Department of Pharmacy, University of Naples "Federico II", 80134 Naples, Italy.
Interdisciplinary Research Centre on Biomaterials (CRIB), Department of Ingegneria Chimica dei Materiali e della Produzione Industriale (DICMAPI), University of Naples "Federico II", 8012 Naples, Italy.
Bioorg Chem. 2021 Aug;113:104997. doi: 10.1016/j.bioorg.2021.104997. Epub 2021 May 18.

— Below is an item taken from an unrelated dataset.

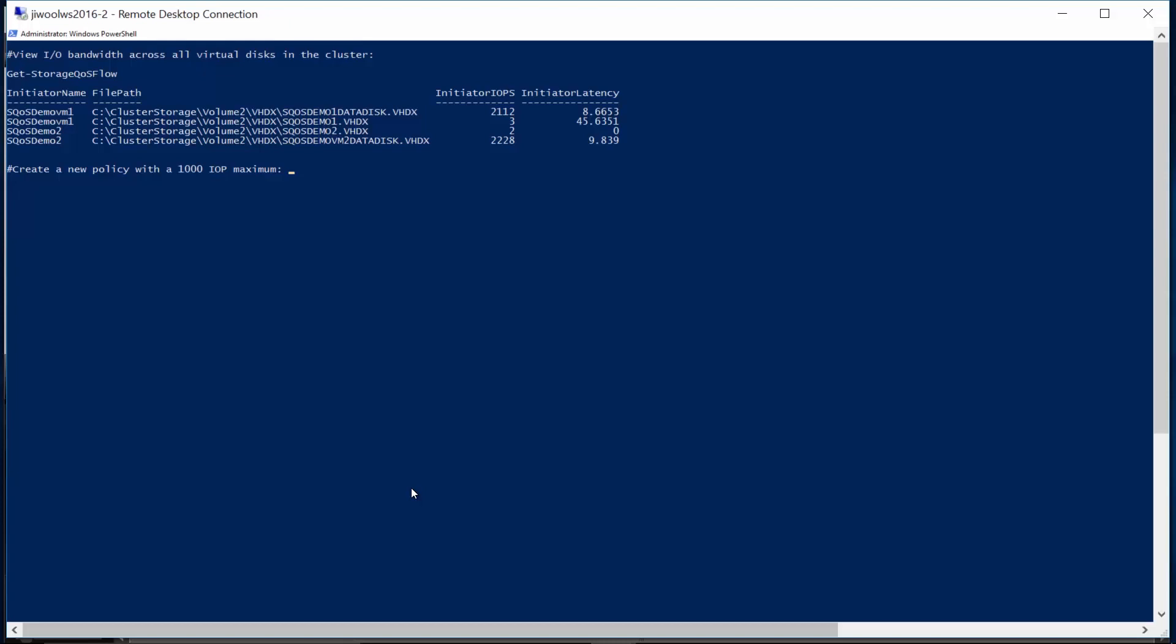Next, we'll use the new Storage QoS Policy cmdlet to create a policy named standard disk with a maximum IOPS limit of 1,000.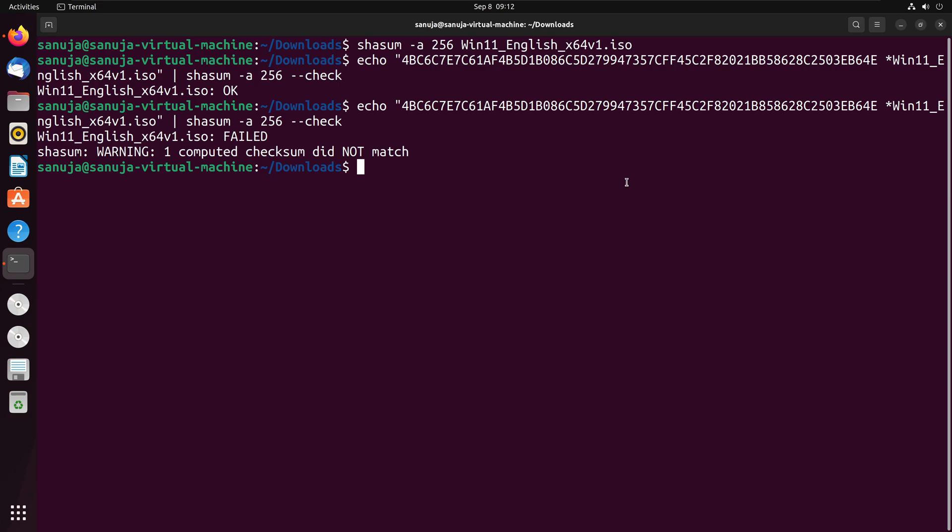That's how you can run the checksum command on Linux machine or macOS machine without the need to use any other third-party software to check your files. Until next time, please thumbs up this video and subscribe to my channel and have a nice day.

Often proteins association is a physiological process used by cells to regulate their growth and to adapt to different stress conditions, including mutations. In the case of a subtype of Acute Myeloid Leukemia (AML), mutations of nucleophosmin 1 (NPM1) protein cause its aberrant cytoplasmatic mislocalization (NPMc+). We recently pointed out an amyloidogenic propensity of protein regions including the most common mutations of NPMc+ located in the C-terminal domain (CTD): they were able to form, in vitro, amyloid cytotoxic aggregates with fibrillar morphology. Herein, we analyzed the conformational characteristics of several peptides including rare AML mutations of NPMc+. By means of different spectroscopic, microscopic and cellular assays we evaluated the importance of amino acid composition, among rare AML mutations, to determine amyloidogenic propensity. This study could add a piece of knowledge to the structural consequences of mutations in cytoplasmatic NPM1c+.
通常,蛋白质的相互作用是细胞用来调节生长和适应不同应激条件(包括突变)的生理过程。在急性髓系白血病(AML)的一个亚型中,核仁磷酸蛋白 1(NPM1)蛋白的突变导致其异常的细胞质定位错误(NPMc+)。我们最近指出,包括 NPMc+中最常见突变所在 C 末端结构域(CTD)在内的蛋白质区域具有淀粉样倾向:它们能够在体外形成具有纤维状形态的纤维状细胞毒性聚集物。在此,我们分析了包括 NPMc+中罕见 AML 突变在内的几种肽的构象特征。通过不同的光谱学、显微镜和细胞检测,我们评估了氨基酸组成在确定淀粉样倾向方面的重要性,特别是在罕见的 AML 突变中。这项研究可以为细胞质 NPM1c+中的突变的结构后果增加一些知识。